**YOUR GOAL:**
From the entries below, copy exactly the lines from the one that contains "Used Hyundai i20" through the one that contains "Porto Judeu House", both included, and only those.

----

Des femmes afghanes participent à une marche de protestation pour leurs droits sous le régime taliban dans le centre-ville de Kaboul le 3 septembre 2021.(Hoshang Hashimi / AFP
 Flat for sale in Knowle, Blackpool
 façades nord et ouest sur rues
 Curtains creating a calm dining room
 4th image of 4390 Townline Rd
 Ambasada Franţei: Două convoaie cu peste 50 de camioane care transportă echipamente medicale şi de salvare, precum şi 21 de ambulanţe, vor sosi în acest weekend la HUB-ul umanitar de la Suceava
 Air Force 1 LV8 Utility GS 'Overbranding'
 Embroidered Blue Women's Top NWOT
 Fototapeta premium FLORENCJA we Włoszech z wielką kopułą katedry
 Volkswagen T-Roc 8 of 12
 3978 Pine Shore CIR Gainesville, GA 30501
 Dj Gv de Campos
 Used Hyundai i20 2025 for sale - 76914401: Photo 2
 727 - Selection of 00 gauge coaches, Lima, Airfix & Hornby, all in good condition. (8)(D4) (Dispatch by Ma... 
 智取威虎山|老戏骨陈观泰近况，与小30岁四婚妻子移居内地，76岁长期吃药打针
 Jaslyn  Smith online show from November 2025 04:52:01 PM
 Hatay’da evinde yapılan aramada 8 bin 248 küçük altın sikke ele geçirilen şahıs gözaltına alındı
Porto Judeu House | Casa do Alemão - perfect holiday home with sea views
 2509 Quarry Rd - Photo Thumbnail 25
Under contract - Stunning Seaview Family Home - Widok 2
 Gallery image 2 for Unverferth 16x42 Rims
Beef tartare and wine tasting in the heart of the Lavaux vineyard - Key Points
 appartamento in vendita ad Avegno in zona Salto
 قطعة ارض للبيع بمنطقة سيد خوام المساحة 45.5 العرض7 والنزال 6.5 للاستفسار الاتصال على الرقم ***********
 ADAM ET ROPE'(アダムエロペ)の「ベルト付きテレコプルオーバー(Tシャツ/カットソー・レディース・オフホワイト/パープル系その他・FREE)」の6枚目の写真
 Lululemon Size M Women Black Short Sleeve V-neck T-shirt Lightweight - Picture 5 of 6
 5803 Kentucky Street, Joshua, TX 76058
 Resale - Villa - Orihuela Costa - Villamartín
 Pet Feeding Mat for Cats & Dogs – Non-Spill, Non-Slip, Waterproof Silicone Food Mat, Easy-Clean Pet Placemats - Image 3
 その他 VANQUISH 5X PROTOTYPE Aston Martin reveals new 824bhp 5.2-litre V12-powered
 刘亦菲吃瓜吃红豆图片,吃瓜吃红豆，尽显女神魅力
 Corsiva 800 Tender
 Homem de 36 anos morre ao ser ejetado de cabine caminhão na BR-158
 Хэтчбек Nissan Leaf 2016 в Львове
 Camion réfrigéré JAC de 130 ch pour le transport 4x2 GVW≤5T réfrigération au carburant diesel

----

**RESPONSE TO THIS EXERCISE:**
 Used Hyundai i20 2025 for sale - 76914401: Photo 2
 727 - Selection of 00 gauge coaches, Lima, Airfix & Hornby, all in good condition. (8)(D4) (Dispatch by Ma... 
 智取威虎山|老戏骨陈观泰近况，与小30岁四婚妻子移居内地，76岁长期吃药打针
 Jaslyn  Smith online show from November 2025 04:52:01 PM
 Hatay’da evinde yapılan aramada 8 bin 248 küçük altın sikke ele geçirilen şahıs gözaltına alındı
Porto Judeu House | Casa do Alemão - perfect holiday home with sea views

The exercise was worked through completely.